The Kennedy College of Sciences, Department of Computer Science, invites you to doctoral thesis defense by Xuanming Liu on "Hot and Dense Items: Sketch and Stochastic Model Approaches for Fast Streaming Data and Graphs."

Ph.D. Candidate: Xuanming Liu
Date: Monday, Nov. 29, 2021
Time: 9:30 a.m.
Location: This will be a virtual defense via Zoom.

Committee Members:

  • Tingjian Ge (advisor), Professor, Department of Computer Science
  • Cindy Chen (member), Associate Professor, Department of Computer Science
  • Yinghui Wu (member), Associate Professor, Department of Computer & Data Sciences, Case Western Reserve University

Abstract:
Data streams in general, and graph streams in particular, are ubiquitous in data analysis in various domains. This thesis specifically investigates three types of analytical queries: (1) top-k most frequent items in data streams in general, (2) densest lasting subgraph queries in dynamic graph streams, and (3) predictive relationship queries in knowledge graph streams. These together cover some of the most important queries—heavy-hitters and predictions—for streams.

In data streams, a common heavy-hitter query is continuously querying top-k most frequent items in sliding windows of any size. We devise a succinct probabilistic data structure, a Floating Top-k pool, to retrieve the top-k items dynamically. We prove that its space and time costs grow only logarithmically with the window size, in addition to its accuracy guarantees. An analogous counterpart of heavy-hitters in graph streams is to find the densest lasting subgraphs, which has wide applications in telecommunication hot-spot detection, road traffic control, spam network filtering, and dynamic community detection. We propose a framework called Expectation-Maximization with Utility functions (EMU), a novel stochastic approach that nontrivially extends the conventional EM. EMU has the flexibility of optimizing any user-defined utility functions. We validated our EMU approach by showing that it converges to the optimum — by proving that it is a specification of the general Minorization-Maximization (MM) framework with convergence guarantees. We then devise EMU algorithms for the densest lasting subgraph problem. Using real-world graph data, we experimentally verified the effectiveness and efficiency of our techniques, and compared with two prior approaches on dense subgraph detection.

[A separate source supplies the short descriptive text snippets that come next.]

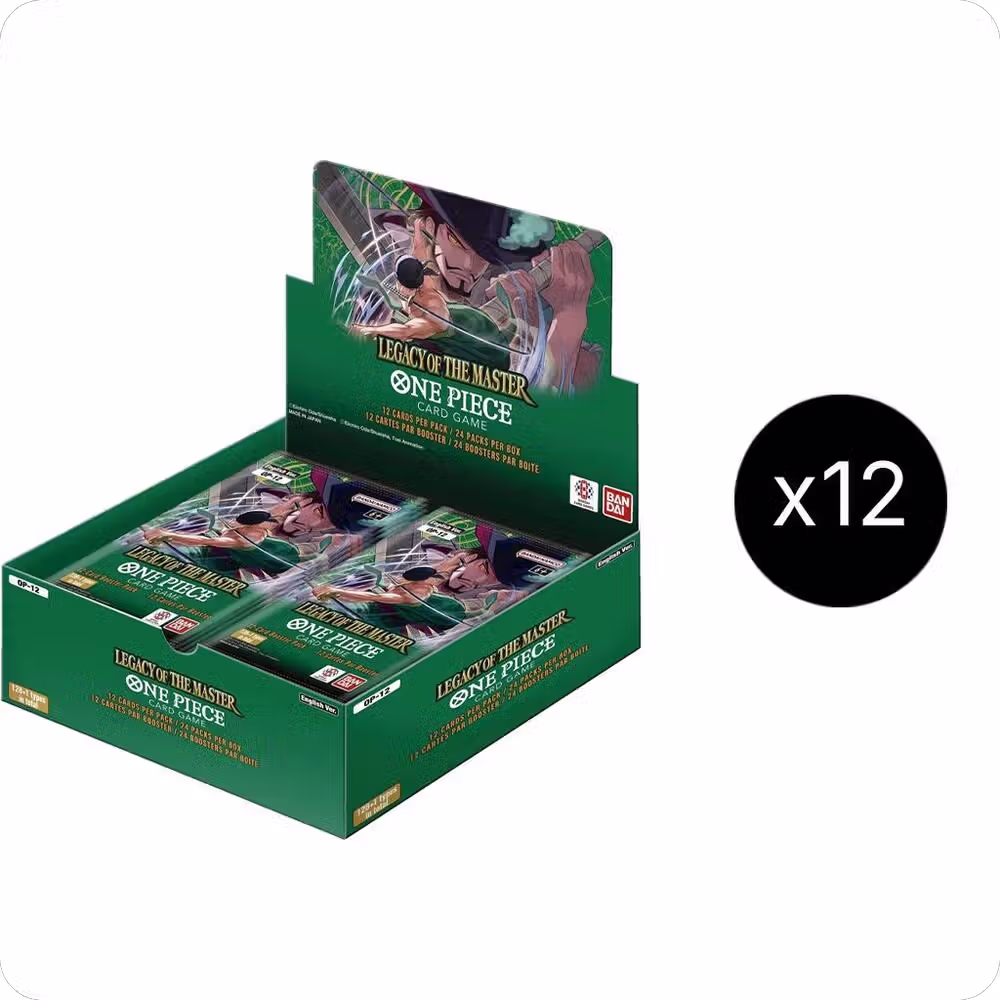 Legacy of the Master Booster Box Case, Legacy of the Master — One Piece sealed product price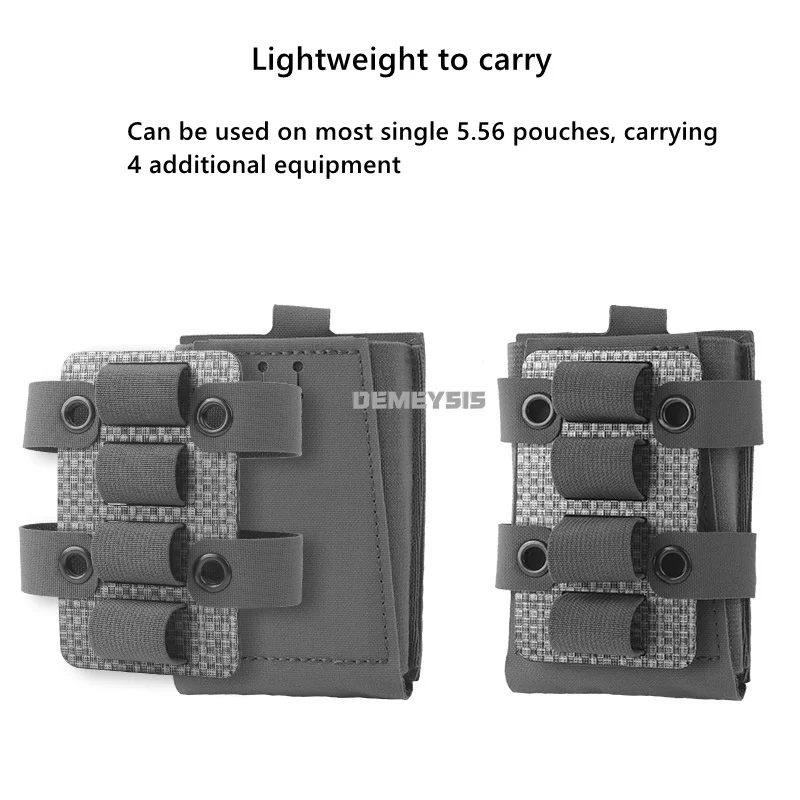 Porta cartuchos táctico para escopeta, funda fija expandible - imagen 4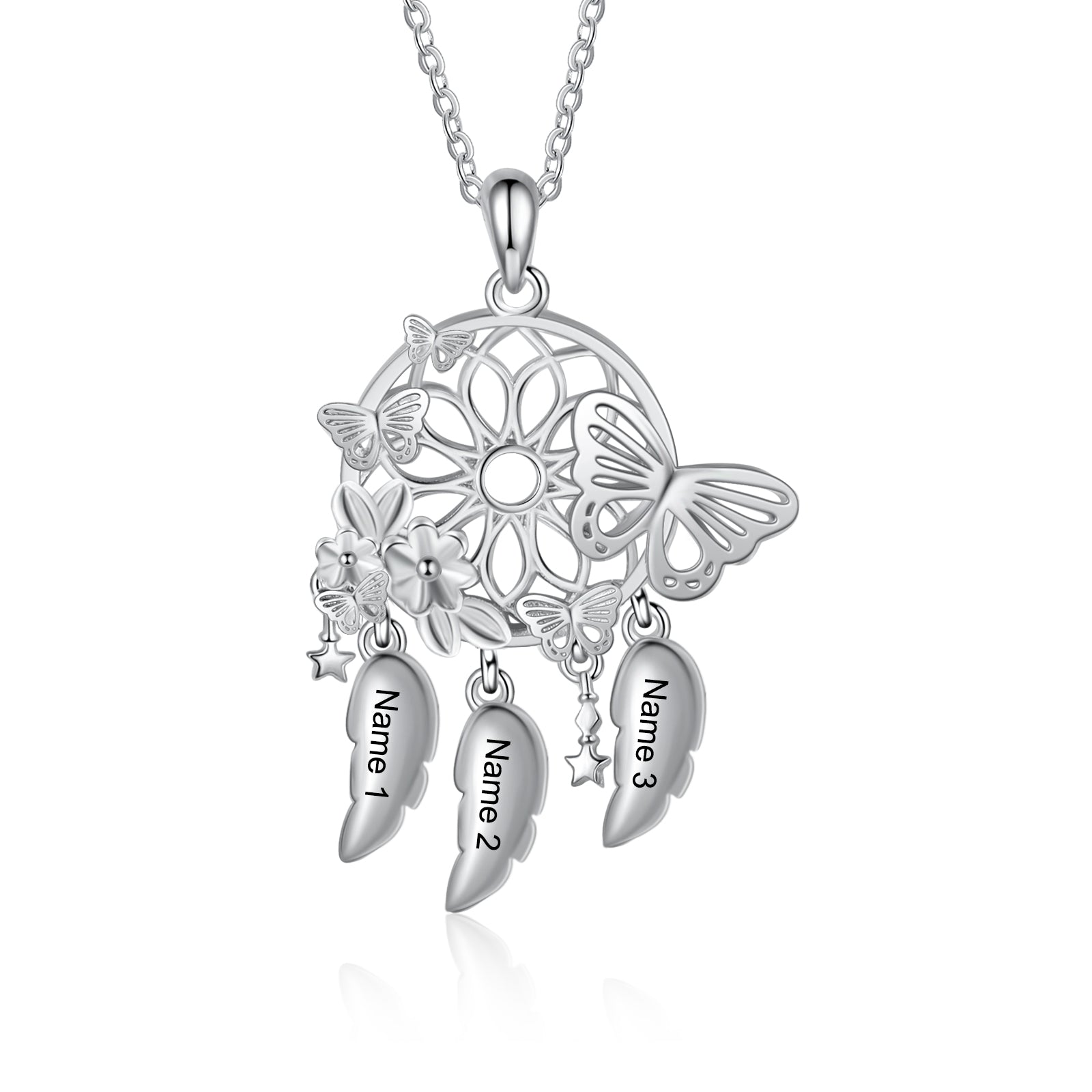 Custom Dreamcatcher Necklace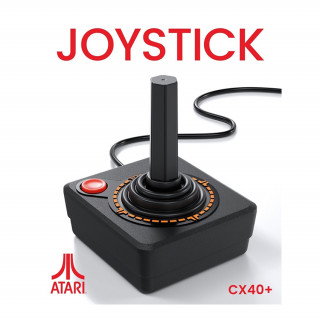 Atari 2600+ CX40 Joystick Retro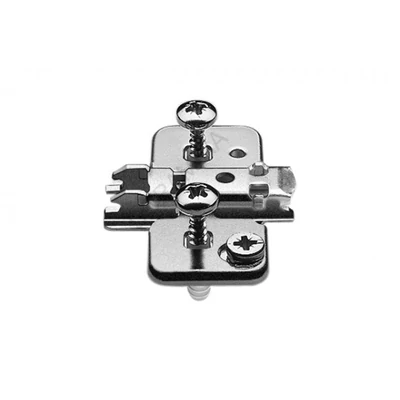 BLUM 174H7100E klippes talp kereszt alátét excenterrel, expando 8,5mm EUROCSAVARRAL (70T5550)
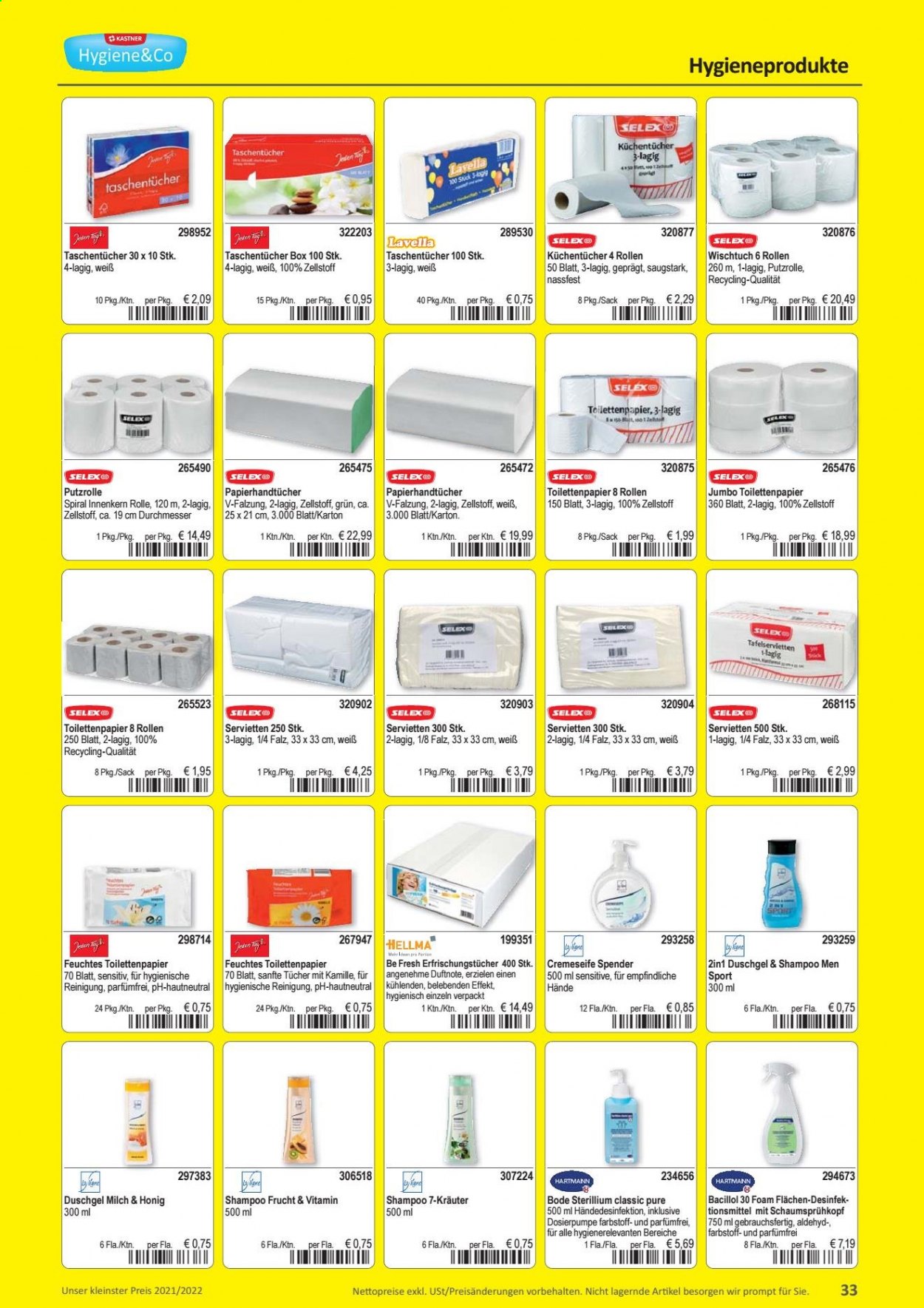 Angebote KASTNER. Seite 35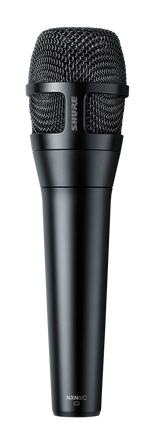 Shure NXN8/C Nexadyne dynamisk mikrofon (nyre, svart)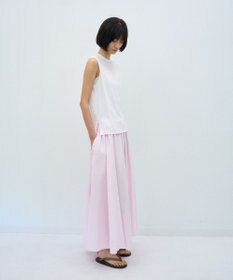 ATON SHRINK FRESCA JERSEY | スリーブレスプルオーバー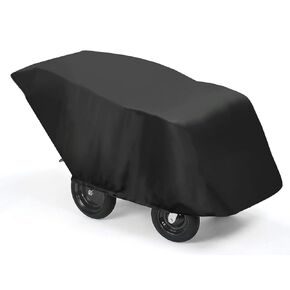 Cover for Angeles Bye Bye Buggy, Waterproof 420D Oxford Cloth, 6 Seater Stroller Cover, Blcak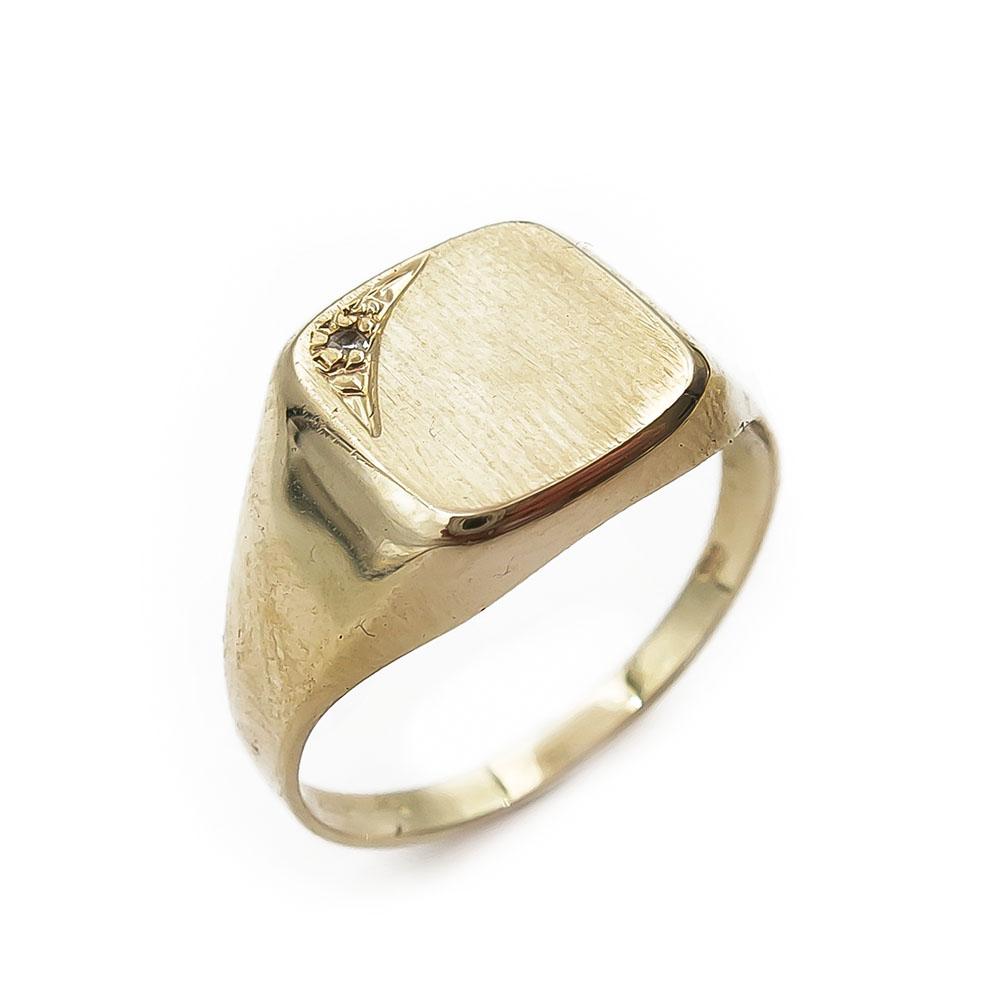 Timantti kantasormus 0,01ct 20,25mm #0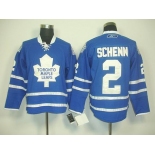 nhl jerseys toronto maple leafs #2 schenn blue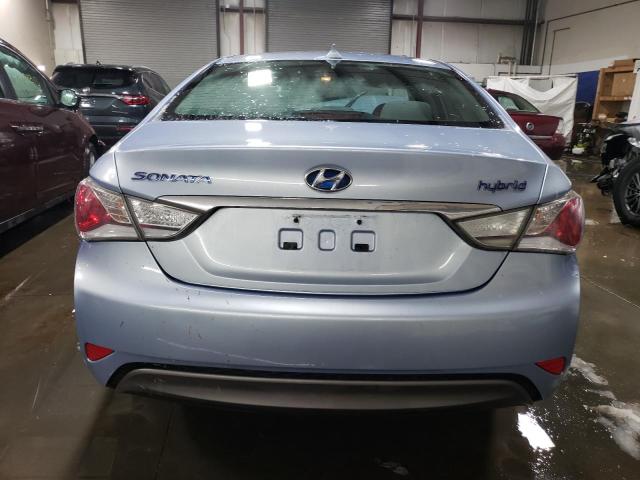 Photo 6 from auction – 2012 HYUNDAI SONATA HYB with VIN KMHEC4A42CA038460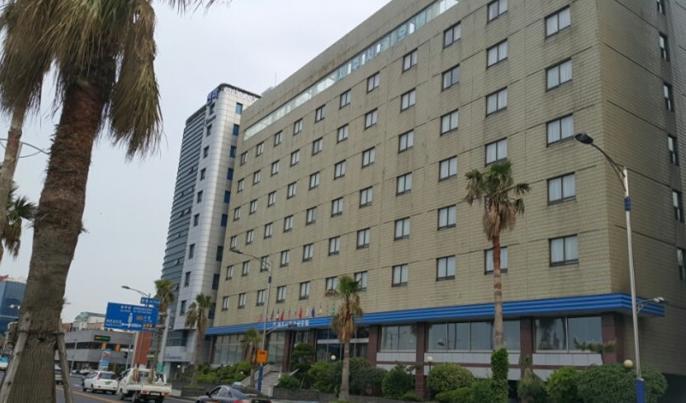 Jeju Seoul Tourist Hotel Екстер'єр фото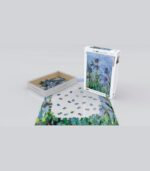 EuroGraphics Irises (Detail) by Claude Monet 1000-Piece Puzzle - Image 2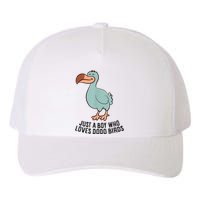 Just A Boy Who Loves Dodo Birds Yupoong Adult 5-Panel Trucker Hat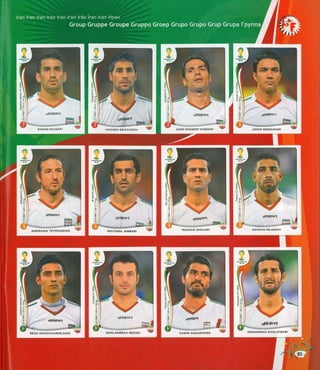 Álbum da Copa do Mundo 2014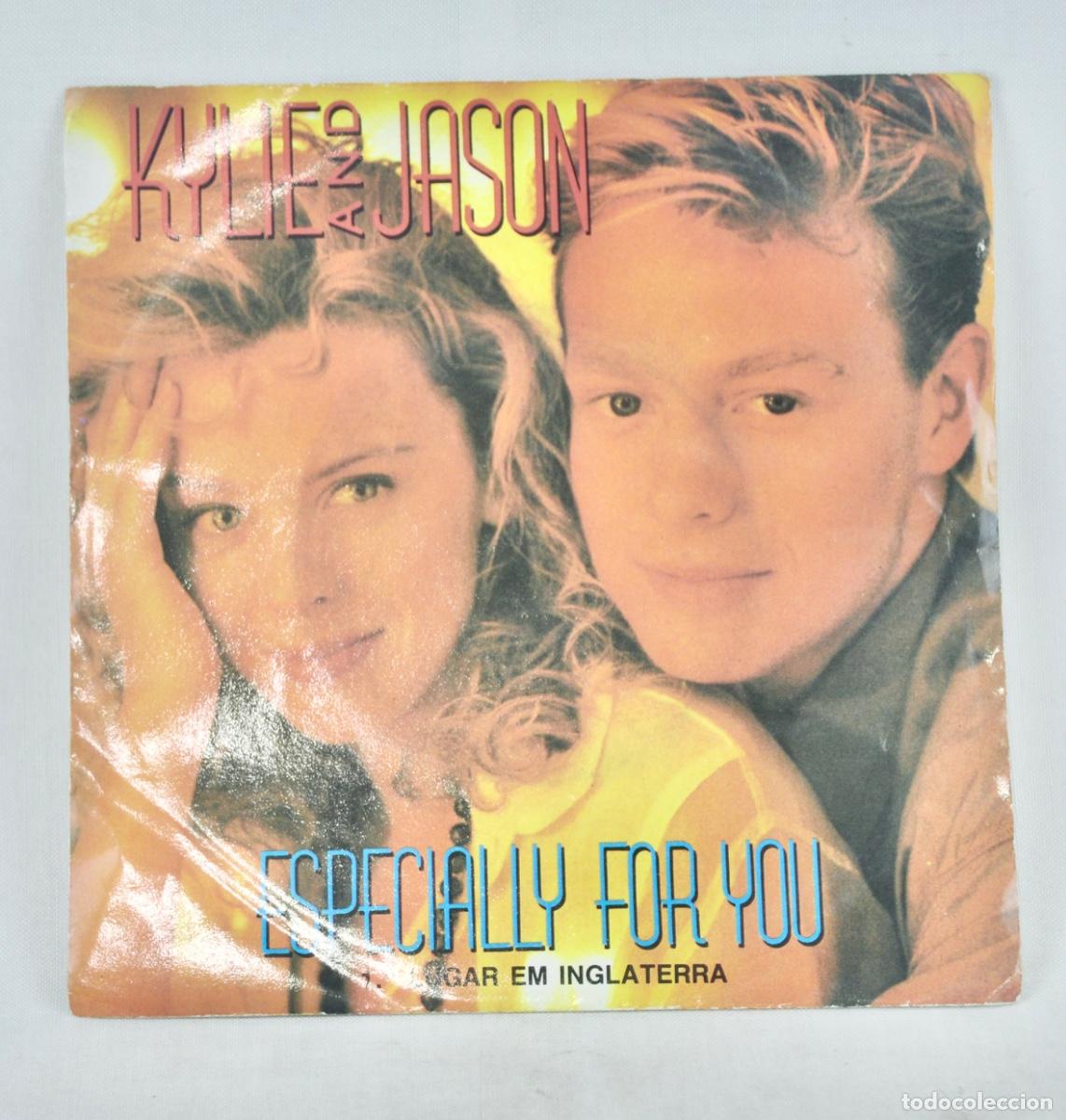 Discos de vinilo: Kylie Minogue and Jason Donovan - Especially for you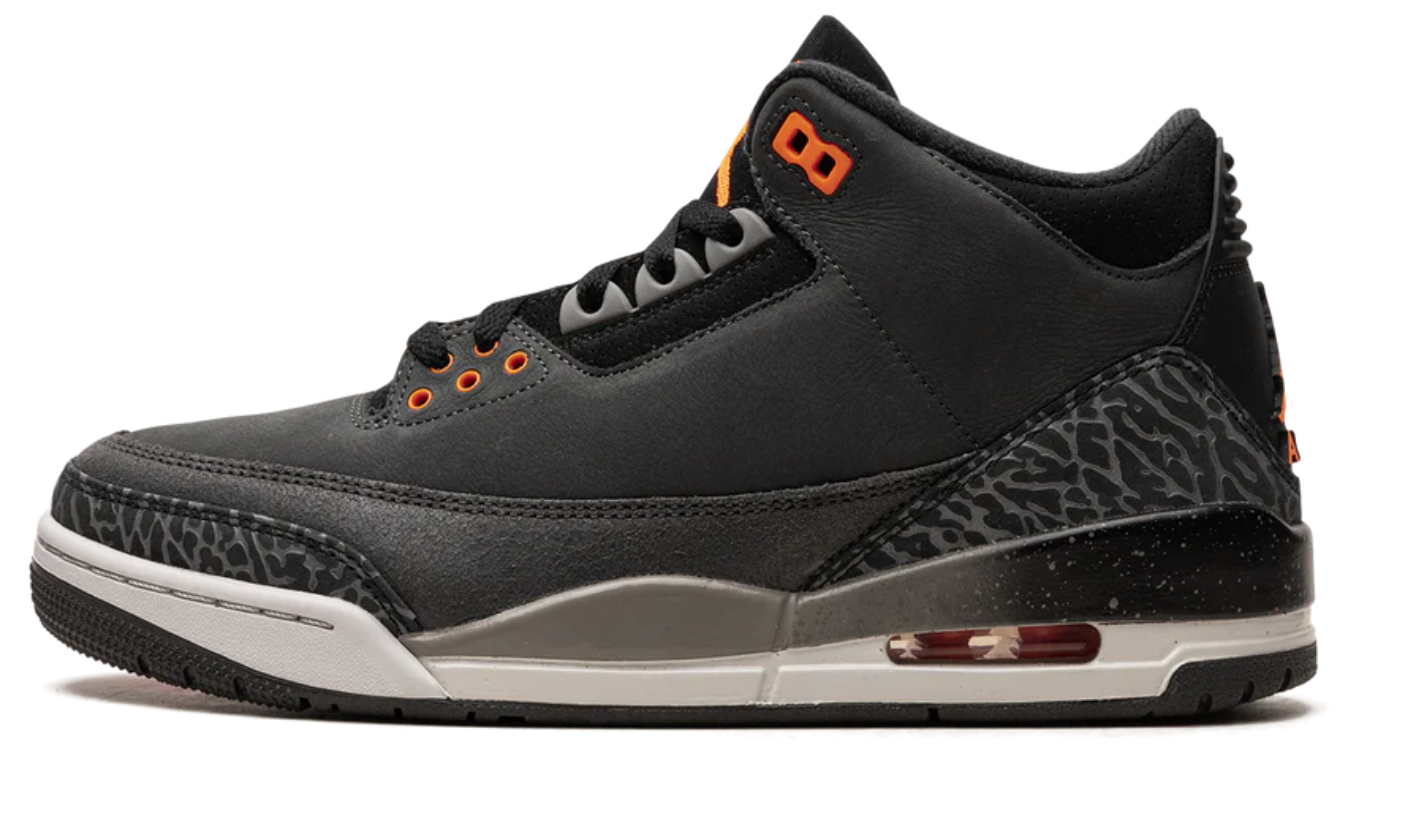 Jordan 3 'Fear 2023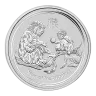 2016 2 oz Australian Lunar Series "Year of the Monkey" Silver Bullion Coin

Infinite graph streams naturally extend to the future. So last but not least, we study relational machine learning for predictive relationship queries in knowledge graph streams, such as those in dynamic recommendation and traffic prediction. We devise a Count-Fading sketch data structure, as well as an online incremental graph embedding algorithm, to tackle the challenges of heterogeneous relations, complex topological and temporal correlations, and high rates of data and pattern changes.